The same cannot be said for the British Broadcasting Corp. It concluded its evening broadcast one day last week by noting that Mickey Mouse had attained his 60th birthday. It was not true, the BBC noted laconically, that the famous mouse marked the occasion by wearing a Dan Quayle wristwatch.
Nevertheless, Quayle’s advisers believe that he can secure a substantive role only if he surrounds himself with a staff that is knowledgeable in the ways of Washington and is respected by Bush’s White House staff.
Experienced Aides Depart
Fred F. Fielding, a respected Washington attorney and a former counsel to President Reagan, was appointed last week to head the office of the vice president-elect and the First Lady on Bush’s transition. But the experienced Republican hands appointed to manage Quayle’s vice presidential campaign have long since departed for the private sector or the Bush team, and no one of their stature has yet signed on permanently with Quayle.
That has left him to rely chiefly on a relatively inexperienced Senate staff, for which Bush’s advisers and Quayle’s former team have little respect.

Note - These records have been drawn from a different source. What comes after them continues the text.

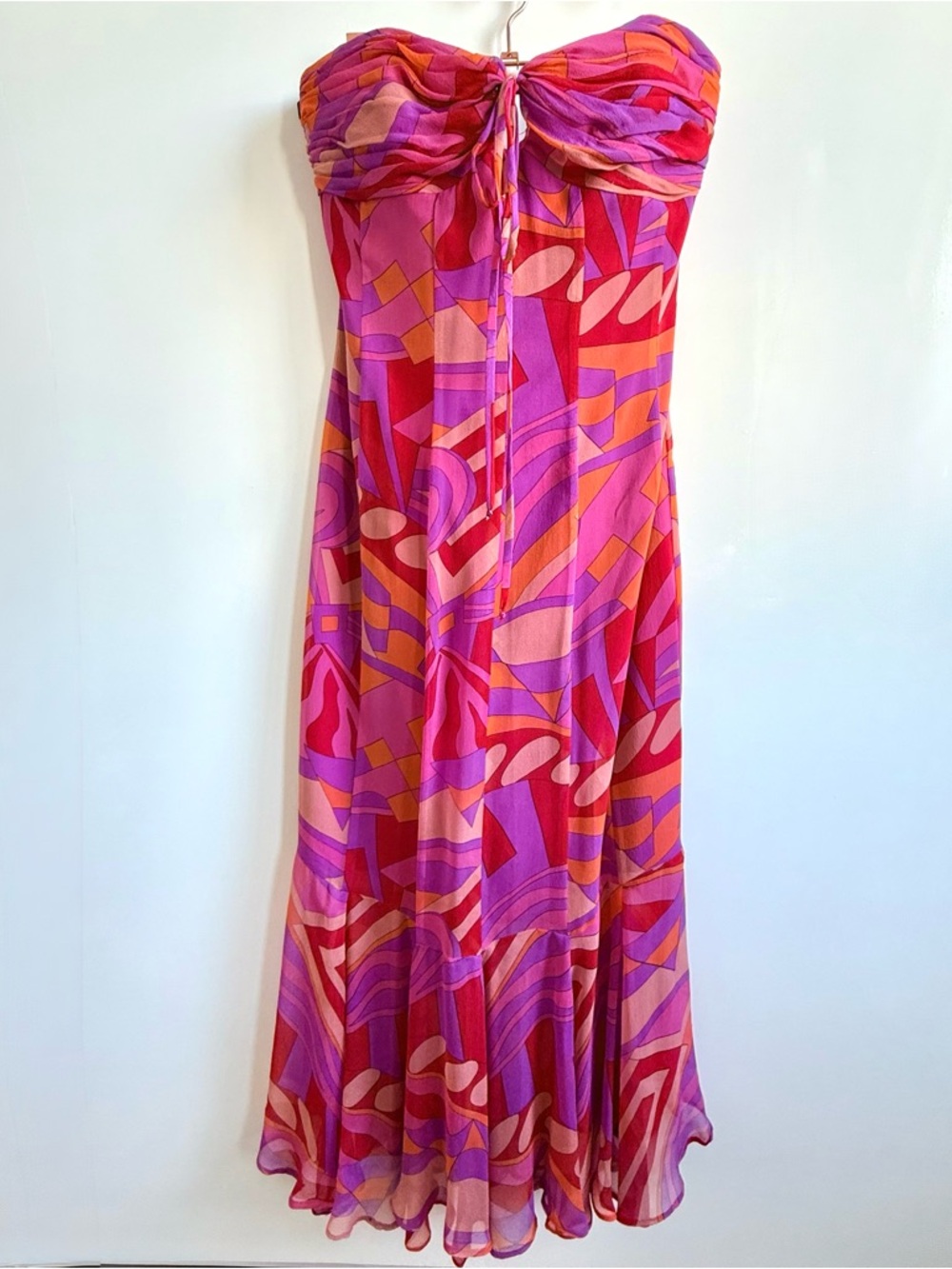 David Meister Strapless Geometric Silk Dress - Style #ZHJX1311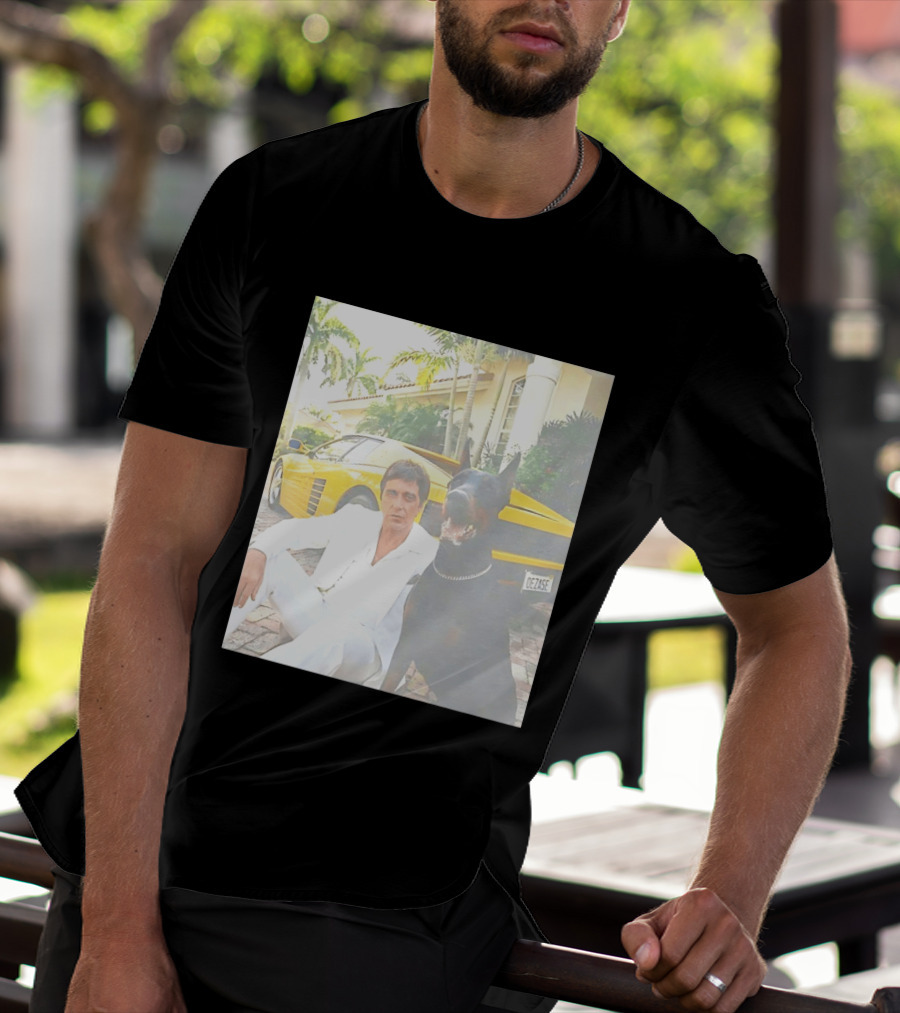 Tony Montana With Dog In Front Of Yellow Sports Car Scene From Scarface T-Shirt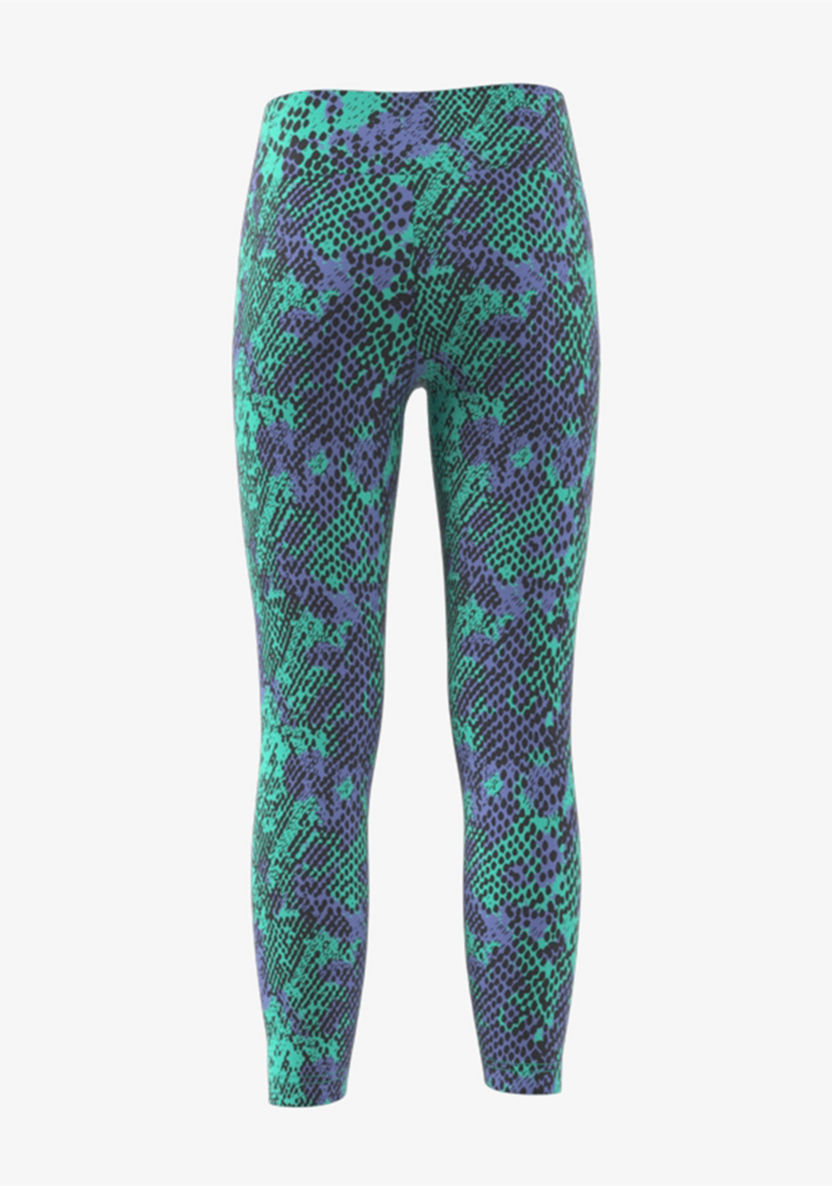 adidas All-Over Print Leggings with Elasticated Waistband-Bottoms-image-3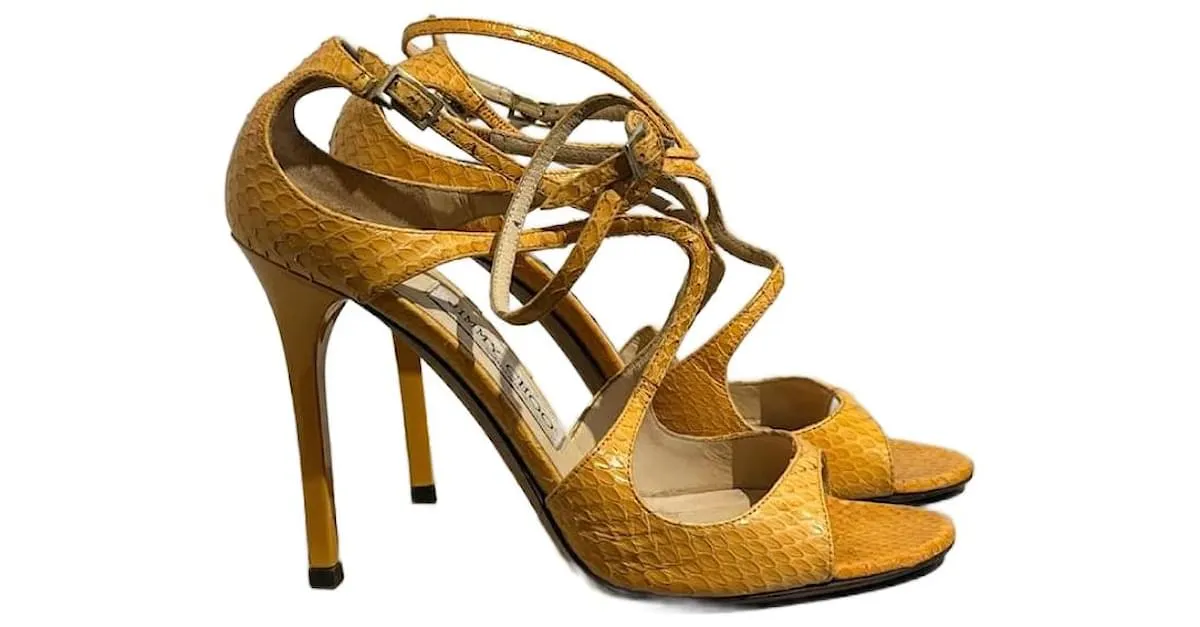 JIMMY CHOO Sandalias T.EU 37 Cuero exótico Amarillo 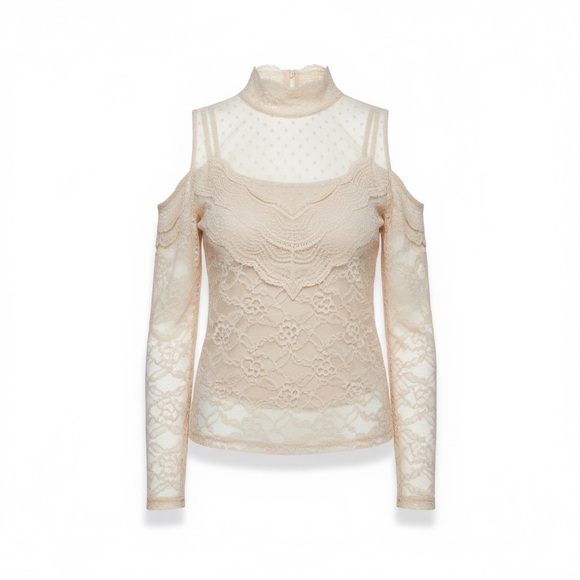 GUESS Antique Lace Funnel Neck Victorian-Style Sheer Open Shoulder Blouse Size S - Picture 13 of 14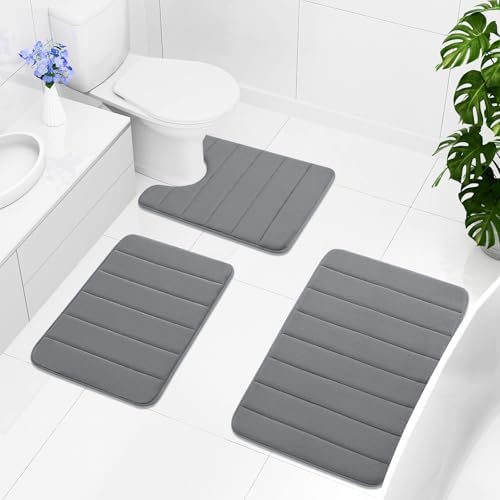 Buganda Meomry Foam Bathroom Mat and Toilet Rugs U-Shaped 4 Pieces, 1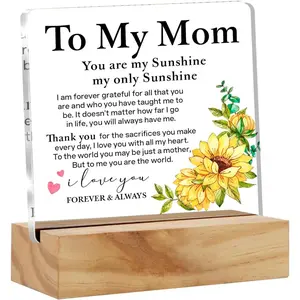 Mom Gifts from Daughter Son - Mothers Day Birthday Gifts for Mom Mama - You Are My Sunshine Mother Acrylic Plaque Desk Decor Sign 4x4 Inches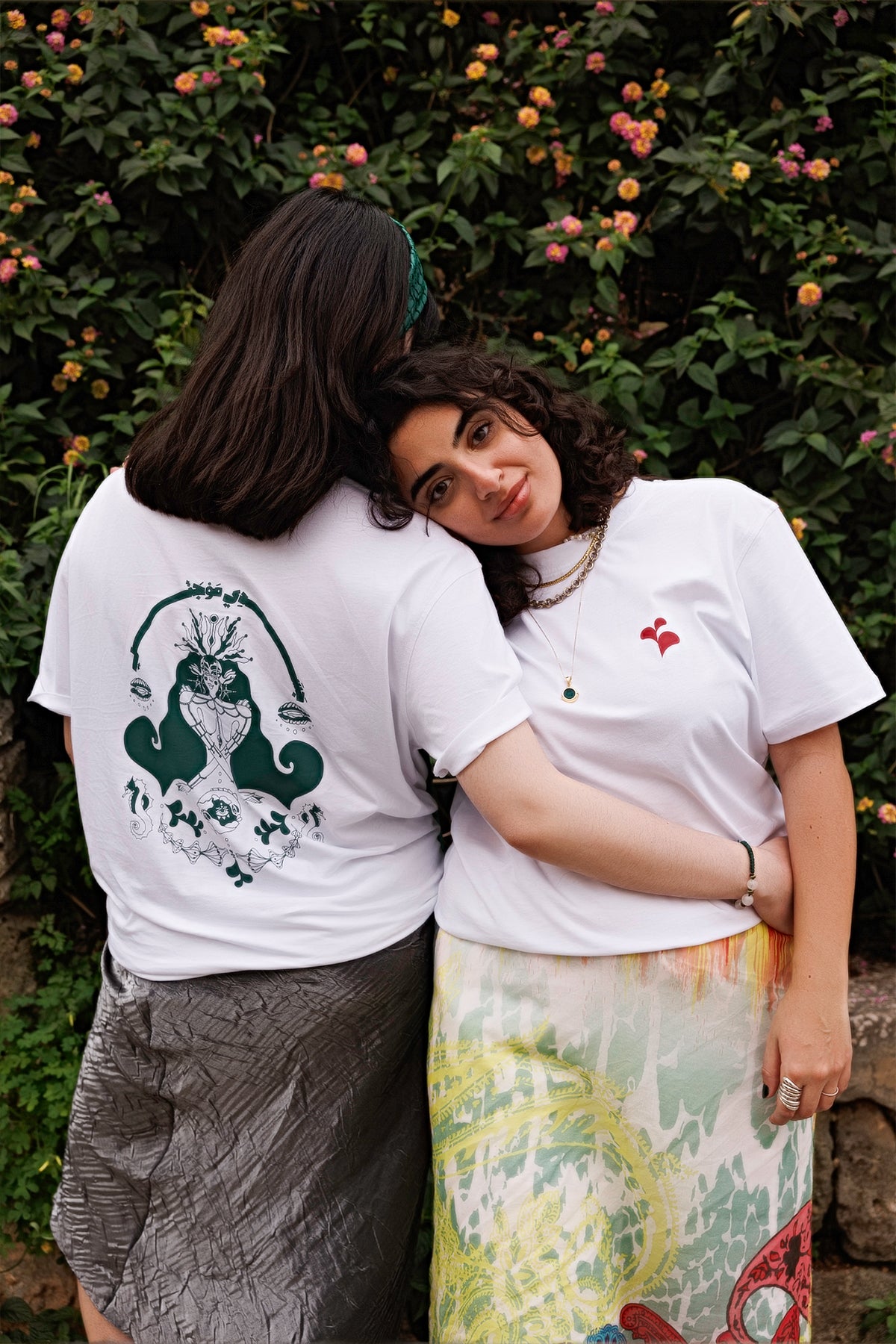 Mauj T-shirt Green Printing - White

“If he had capable staff behind him, he would have alleviated the problem of not being invited to the Thatcher dinner,” one former aide said. “It’s a problem of wrapping himself up with people from Indiana who are not attuned to the ways of Washington.
“A quality staff is going to be the key to getting out of the hole he’s in,” the former adviser said.
“I would find Dan Quayle a really strong chief of staff to try to help him,” one prominent Republican source said. “I look at him as still kind of awe-struck. What will happen when he sneaks off like he used to, to play golf?”
Thus far at least, the laughter at Quayle’s expense has not become a problem for the President-elect himself. And at least some scholars doubt it will.
Notes Context
“It’s not a terribly healthy thing,” said Stephen Hess, a scholar of the presidency at the Brookings Institution. “But let’s put this into context. The vice president doesn’t do much and isn’t expected to do much.”
He pointed out that the vice president’s official duties are limited: presiding over the Senate, voting in the Senate in the case of a tie, and standing by to take over for a fallen President.
Then there are the tasks to which he is frequently assigned: attending foreign funerals and taking part in political activities.
“If all these jokes get in the way of that, they’re bad,” Hess said. But, he predicted, they will pass. As evidence, he pointed to a similar image problem that confronted the Reagan Administration.
“You started with Nancy Reagan looking like a clotheshorse and she ended up as a virtual drug czar,” said Hess, a former aide to President Dwight D. Eisenhower. “If you could do it with Nancy Reagan, you can do it with Dan Quayle.”